В солидарности борющегося искания всегда есть только несколько большая близость и отдаление между индивидами; ибо абсолютная коммуникация существует во времени только как достоверность мгновения; она становится неистинной как удерживаемый объективный результат и остается истиной, как возникающая из этого результата верность. То, что становится подлинным и истинным, менее всего имеет некое наличное бытие, оно как явление есть лишь в становлении и исчезновении.
Среди людей невозможно постичь истину именно в существенном, как бы одним ударом. Человек и его мир не бывают зрелыми и готовыми в мгновении, но обретают себя в последовательности ситуаций. Он должен пройти через предварительные, половинчатые, неполноценные позиции, чтобы эти позиции дополнили друг друга; через усиленные до крайностей позиции, чтобы они уравновесили друг друга. Тот, кто хочет действовать и говорить только правильно, - вовсе не действует. Он не вступает в процесс и становится неистинным, потому что он недействителен. Кто хочет быть истинным, должен рискнуть ошибиться, оказаться неправым, должен довести дело до крайности или заставить висеть на волоске, с тем чтобы его можно было по-настоящему и действительно решить.
Поскольку, следовательно, никто не может требовать от других или от себя, чтобы они были совершенны во времени, экзистенциальная солидарность хочет видеть в категориях взаимности, не для того чтобы только отвергать, вынося приговоры, но чтобы -именно в неудаче и запутанности протянуть неудачнику руку. Хотя она не беспечна, скорее, наоборот, - неумолима в своем требовании, но она сознает и возможность, что заблуждается в этом своем требовании. В коммуникации требование не уничтожает виновного как косный закон; для нее важно подлинное самобытие даже там, где оно могло бы показаться почти что утраченным, в его возможности, из которой только и исходит требование. Сквозь все эмпирически зримые вещи встречают друг друга эти возможности, желающие в процессе явления обрести достоверность своего подлинного бытия. Чтобы стать самостью, требуется вступить в процесс, в котором один раскрывается для другого, чтобы вместе пуститься в плавание - восхождение абсолютной связанности; вина же - это гордая изоляция замыкающегося в себе самобытия, которое без процесса было бы подобно умиранию заживо (das ohne Prozeß wäre wie der Tod bei lebendigem Leibe).

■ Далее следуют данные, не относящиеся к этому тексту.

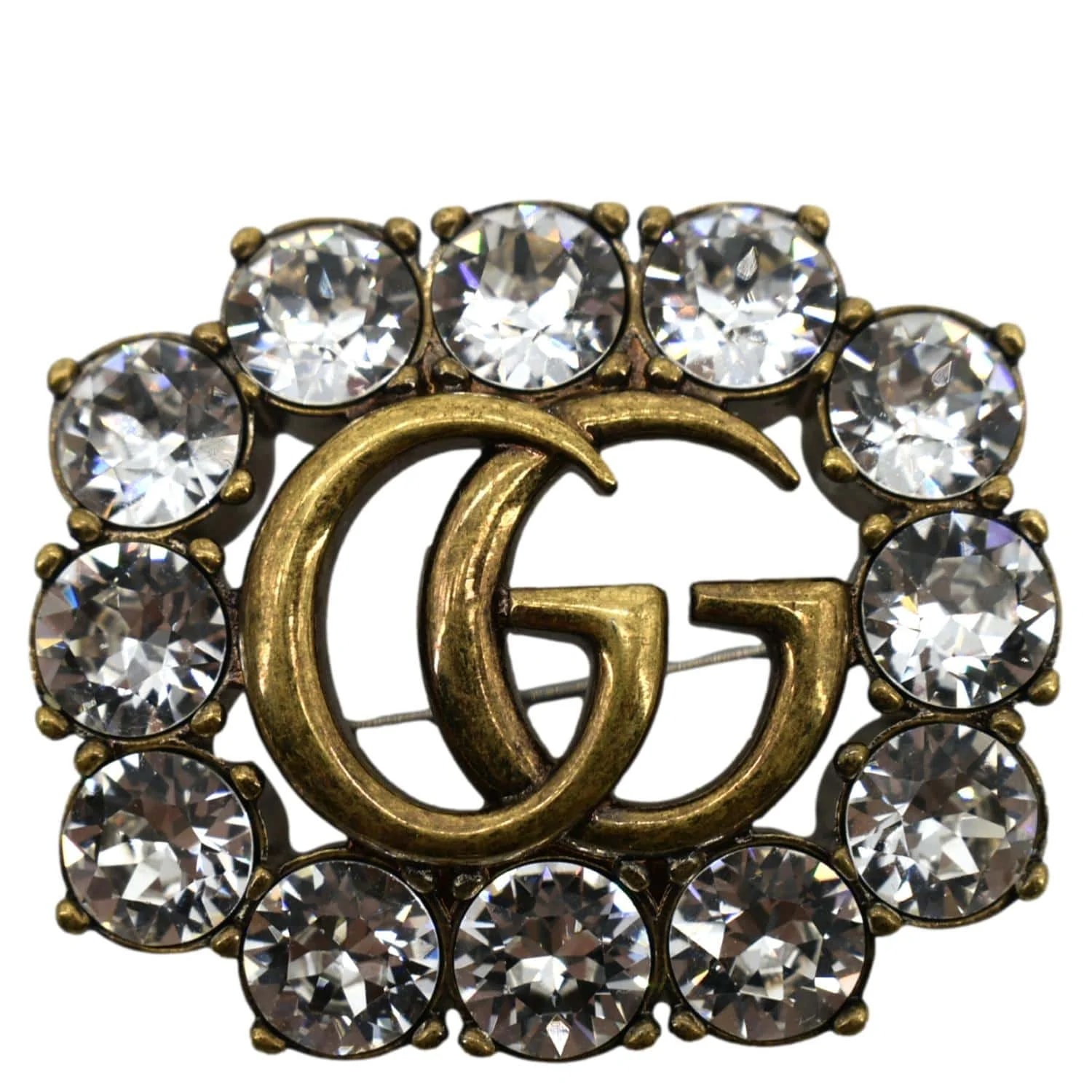 Gucci — Gucci Metal Double G Brooch With Crystals — Accessory — resale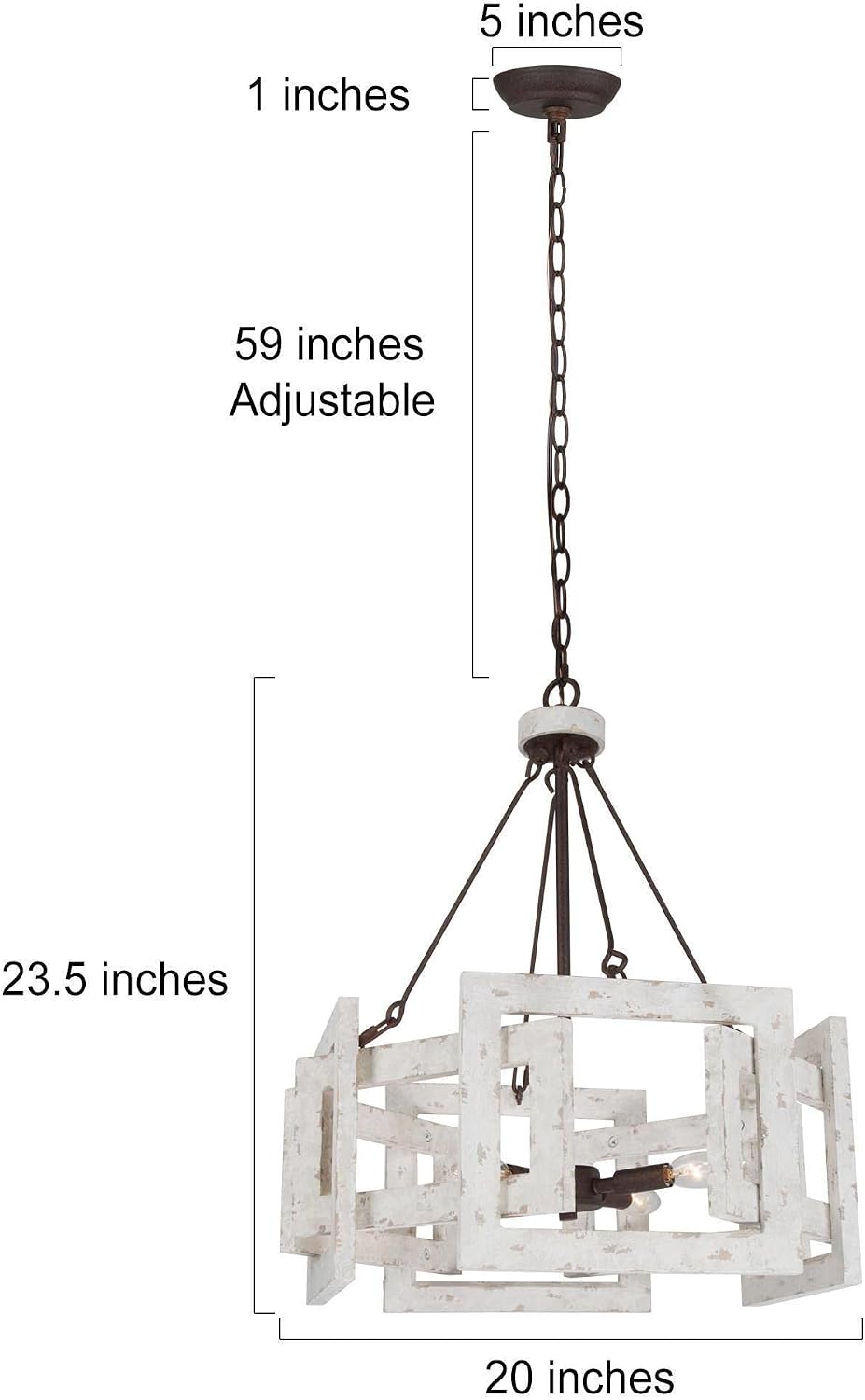 KSANA Wood Chandeliers for Dining Room, 4 Light Farmhouse Drum Chandelier Rustic Distressed Weathered Chandelier Light for Kitchen Island Dining Room Hallway Entryway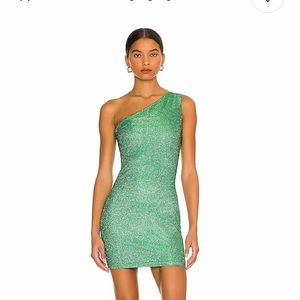 Superdown Green Sparkly dress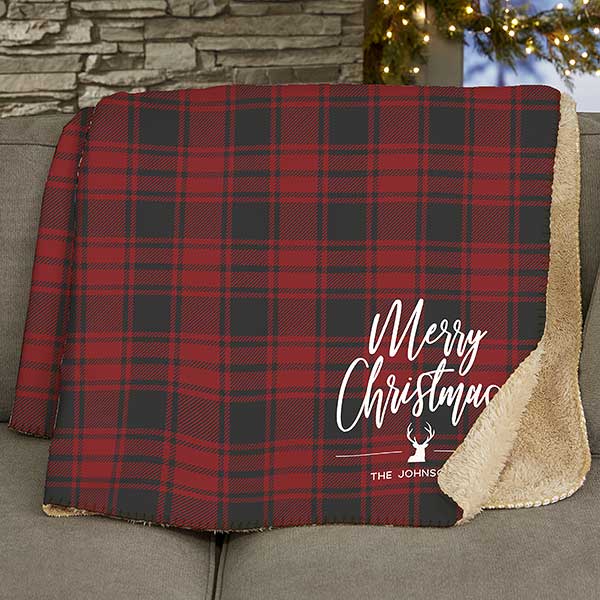 Christmas Plaid Personalized Blankets - 24785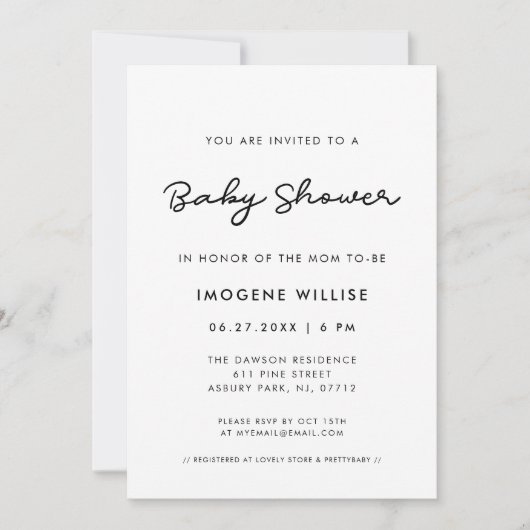 シンプルシャワー 招待状 (正面)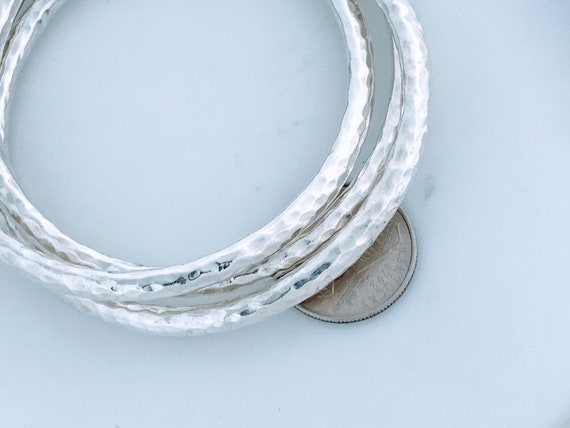VTG Hammered Sterling Silver Three Interlocking B… - image 8
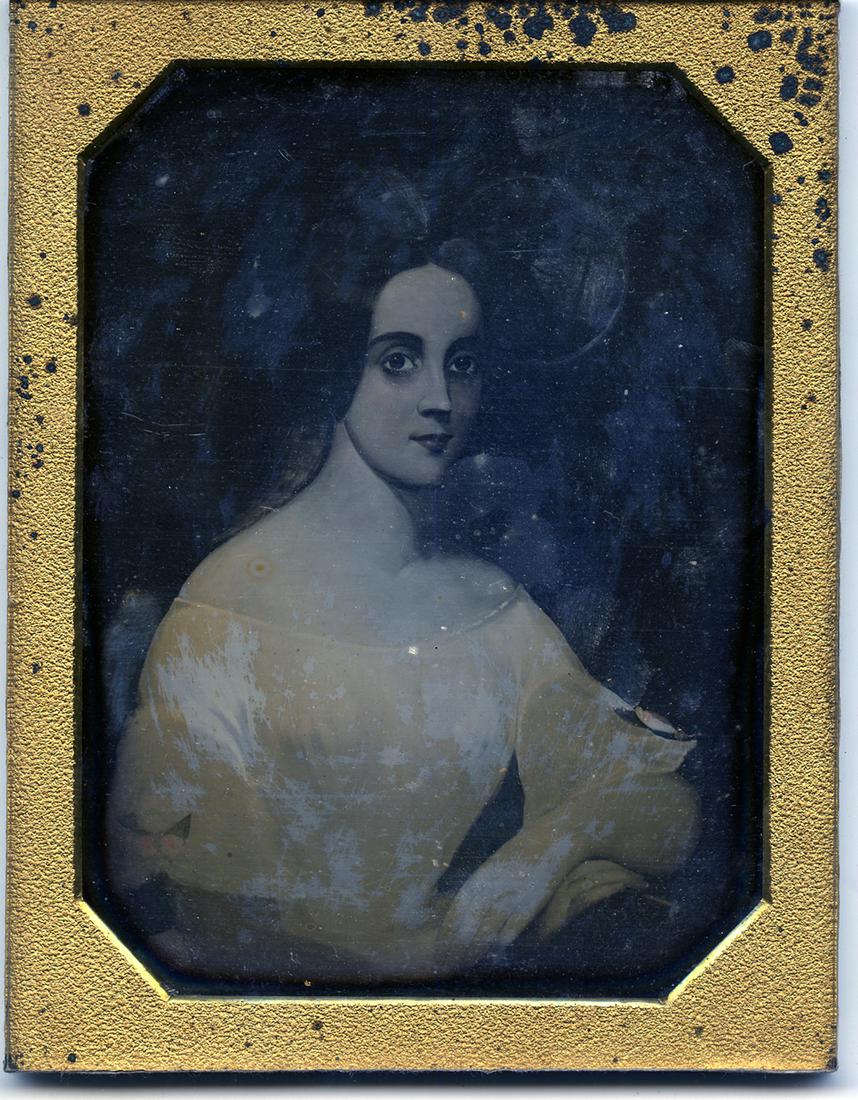 W & F LANGENHEIM, Philadelphia. Painting of a woman.: W & F LANGENHEIM, Philadelphia. Painting of a woman. ½ plate daguerreotype with hand coloring. The painting has a similarity to some by Thomas Sully, but no identification has been established.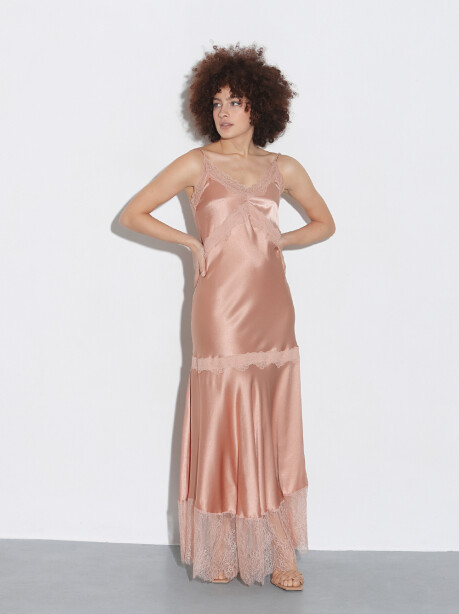 Satin slip dress decorated with lace - 6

Конечной цели мы в коммуникации знать не можем. Вопрос об успехе имел бы двоякий смысл: смотря по тому, имеются ли в виду успехи как целесообразные акты реализации через посредство общности в мире или же имеется в виду успех в смысле того, что решается и тем самым обретает вечную действительность. Материальные успехи в зримом существовании признаются и составляют возможную плоть экзистенциального успеха, но все они исчезают в противосмысленности (Sinnwidrigkeit) нескончаемого и преходящего. Экзистенциальный же успех не имеет объективного критерия; его воспринимает только совесть возможной экзистенции в коммуникативной связанности (Verbundenheit). Экзистенция осуществила себя в существовании, как самость с другой самостью, даже если эта действительность и не имеет наличности ни для какого знания.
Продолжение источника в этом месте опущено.